Tom Brady Is Not Being Persecuted, Please Shut The Fuck Up
While the rest of us are just trying to put Deflategate behind us and move on with our lives, the crybaby fans of the reigning Super Bowl champion New England Patriots, quite simply, will not shut the fuck up for even a second.
Ever since NFL commissioner Roger Goodell came down hard on the Patriots scandal, which included a four-game suspension for golden boy quarterback Tom Brady, who literally has everything, outraged fans in New England have been letting their fury flags fly.
In addition to acting up on social media, over the weekend fans used Facebook organize a real-world bitch session. “Free Tom Brady” was the cry, and nearly 200 idiots showed up to Gillette Stadium in Foxborough to support the dumbest cause on earth.
First of all, Brady was only suspended four games for what could be a career’s worth of cheating—that’s not so bad. And even though Roger Goodell has refused to let Brady’s appeal be heard by a neutral party, the fact that he and Patriots owner Roger Kraft were recently seen hugging it out suggests some sort of collusion.
Maybe this whole thing was for show and Goodell will reduce or rescind the suspension altogether. Either way, 200 yahoos convening outside a stadium named after $30 razor blades doesn’t seem like something that’s going to have a big impact either way.
As if that wasn’t enough, according to Boston.com, a woman by the name of Patricia M. Shong, of Auburn Massachusetts, died last week and used her last words to support the plight of poor Tom Fucking Brady. No kidding.
The 72-year-old, who enjoyed scrapbooking and playing cards, made sure her family shouted her message to the masses via her obituary: “Brady is innocent!!” Note the added exclamation point there—that’s now you know he couldn’t possibly have cheated.

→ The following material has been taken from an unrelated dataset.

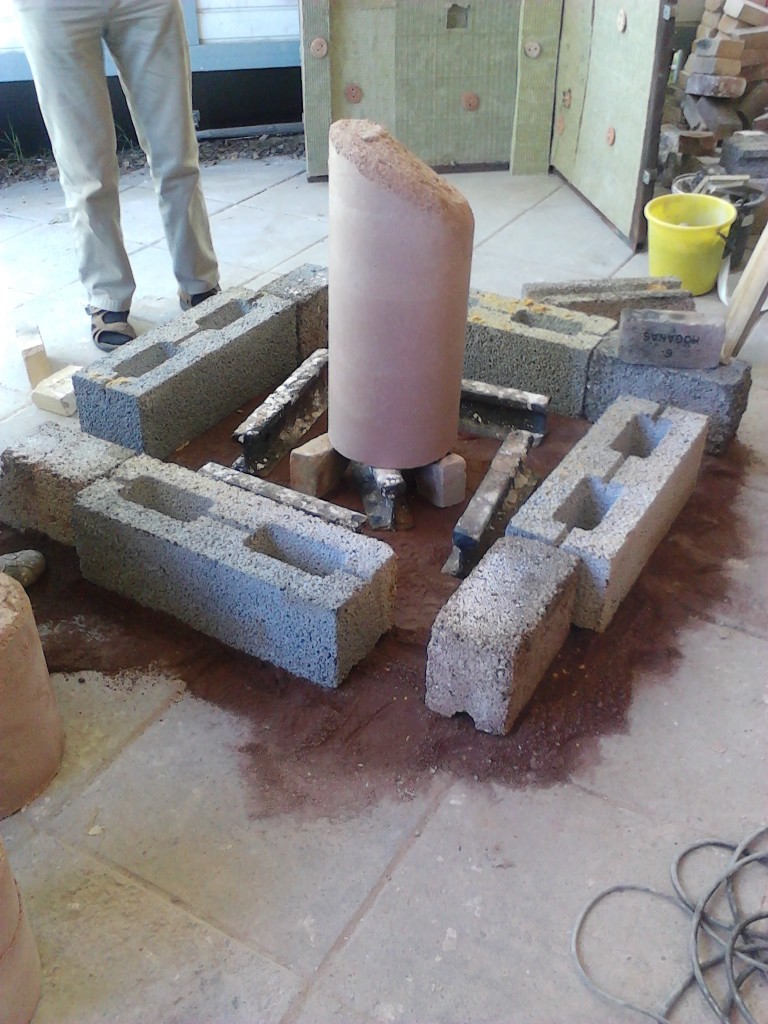 Ensin muotit sisään, sitten vasta seinät pystyyn. Eri periaate kuin taloissa, asukkaat menevät sisään vasta seinien pystyttämisen jälkeen.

You know who doesn’t give a shit about Patricia Shong? Tom Brady.
He’s a little busy not giving a shit about any of these fools. Tom Brady is doing just fine, you fiery Irish nut jobs, so how about take stock of your own life instead.
Seriously, he just got a puppy. That’s how little he cares about the circus surrounding him and Deflategate. So get a life, cause your boyfriend Tom Brady already has one. And it’s way better than yours.